Here at UDOT we’re proud of the innovative work our employees do to help, not just Utah get around, but the entire world. Recently one of our bridge engineers took part in a humanitarian trip to help a population in Central America better their transportation needs.
Josh Sletten has worked for UDOT as a structural engineer for seven years, but says it was exciting to get back to the basics of bridge building.
Josh spent 12 days this past April in the Central American jungle as part of Bridges to Prosperity. The non-profit humanitarian group has built 185 bridges in 17 different countries. The goal is to give communities the lifeline they desperately need.
“There’s this little community out there,” said Josh of the site. “The Lura River runs right through the community, separates a lot of people from the school.”
About 500 people live in the small community, and rely on the bridge to get to the main part of town.
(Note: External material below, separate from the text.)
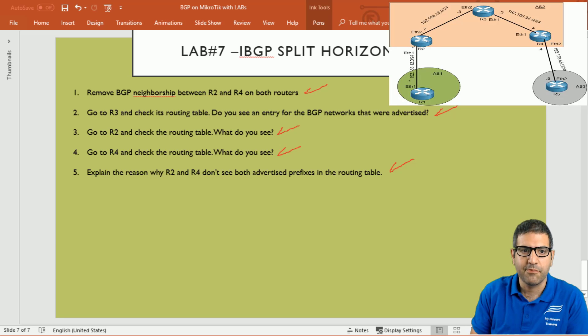This is what I wanted to show you in this lab. IBGP split horizon is a very important topic — it doesn't allow prefixes to be re-advertised from one IBGP neighbor to another, in order to avoid loops. I hope you enjoyed this lab and I will see you in the upcoming lecture.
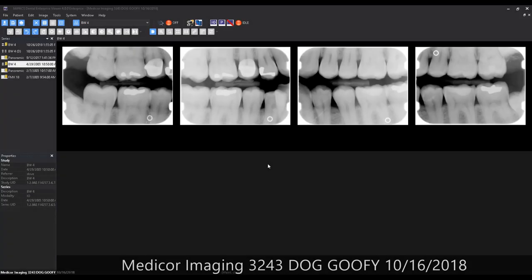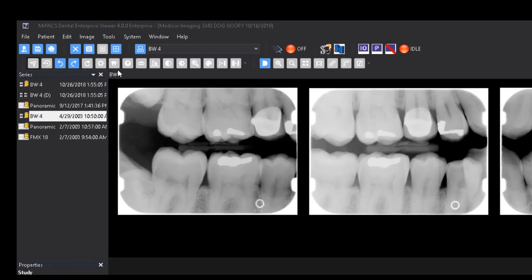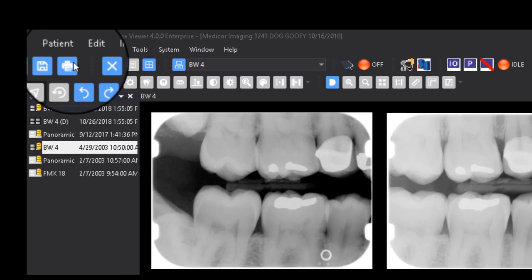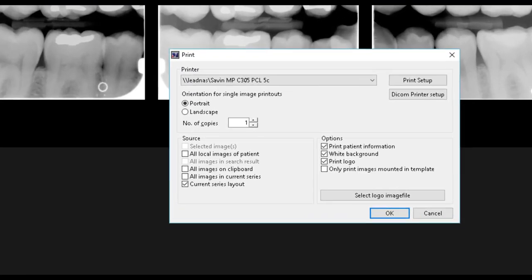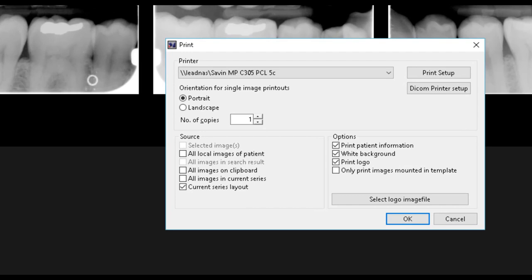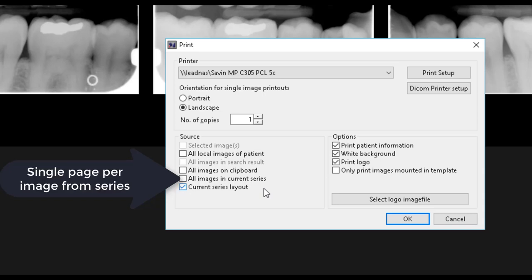The MyPax viewer can also print images. Select a series or individual images and click the printer icon on the toolbar. You can change the orientation of the printouts as well as the number of copies to be printed. You will also need to select a source to determine what will be printed. Be sure to select current series layout to print out the images as they appear in the template view.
Josh was part of a 12-person team tasked with dismantling the rickety wood bridge and building a 51m (167.3ft.) long suspension bridge.
The group was made up of volunteers from several different engineering groups. Josh was the only one representing UDOT. He was invited by The National Steel Bridge Alliance to participate in the bridge building expedition.
“We had no two people from the same company,” said Josh. “We had one person from all of these different entities and we all came together and it was a fantastic way of doing it. You had to build relationships and a team on the fly.”
Josh worked as the logistics manager for the group, meaning he had to figure out transportation, lodging, food and finances. But everyone was involved in constructing the bridge.
He said it was an amazing experience getting back to the roots of engineering. He’s spent years in an office, planning on a computer. This project forced the team to be innovative, even making their own tools.=
“I love to be out on the construction site,” said Josh. “Get your hands dirty and kind of unplug and disconnect a little bit.”
Josh uses a level to check the alignment of the suspension bridge.
Josh said suspension bridges have always been one of his favorites. There’s a lot of precision that goes into getting the arcs just right to support the weight of the bridge.
About 250 people showed up at the project’s completion to see the finished bridge and expressed their gratitude for the project.
“It was very well received,” said Josh. ”It’s rewarding. We didn’t speak Spanish, most of us, and they didn’t speak English, but just expressed their appreciation in whatever way they could.”
Josh said the experience is one that had a strong impact on him and others. They’ve all decided it’s something they’d like to do again.
Josh with some of the local school children who rely on the Lura bridge to get to school.
The new suspension bridge spans 52 meters (about 167 ft.) across the Lura River in Panama.